As relações de poder presentes nas relações da política de governos autoritários com seus cidadãos – que não são tratados como tal – fazem aflorar afetos como humilhação, vergonha e medo. Afetos que podem ser considerados políticos. Se há vulnerabilidade, estamos propensos a sermos governados por nossos afetos. Pelo medo principalmente.
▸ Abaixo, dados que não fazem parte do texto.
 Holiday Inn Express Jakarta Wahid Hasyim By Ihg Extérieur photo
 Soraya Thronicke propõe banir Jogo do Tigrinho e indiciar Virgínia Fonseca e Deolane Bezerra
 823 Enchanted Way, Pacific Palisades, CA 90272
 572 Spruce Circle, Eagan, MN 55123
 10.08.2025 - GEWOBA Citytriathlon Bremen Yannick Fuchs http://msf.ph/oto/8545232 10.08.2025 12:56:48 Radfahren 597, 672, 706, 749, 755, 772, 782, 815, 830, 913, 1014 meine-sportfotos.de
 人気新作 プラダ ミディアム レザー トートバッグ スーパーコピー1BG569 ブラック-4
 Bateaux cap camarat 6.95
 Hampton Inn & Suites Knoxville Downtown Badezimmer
O autor utiliza mais de uma vez de um termo que acho muito importante para entendermos boa parte dos temas que o livro carrega: pandemia à brasileira. Quando paramos para pensar sobre os problemas que vieram com a covid e o isolamento social, percebemos que seria impossível o Brasil não ter se tornado um dos epicentros de disseminação do vírus, uma vez que somos governados por um projeto político genocida e negacionista. O nosso país, que já carregava desigualdades históricas, consequentemente sofreu um impacto maior com a pandemia, que escancarou ainda mais a nossa desigualdade social, o nosso racismo, e como o próprio autor diz, “nos deu uma outra perspectiva para entendermos o fenômeno de destruição chamado Bolsonaro.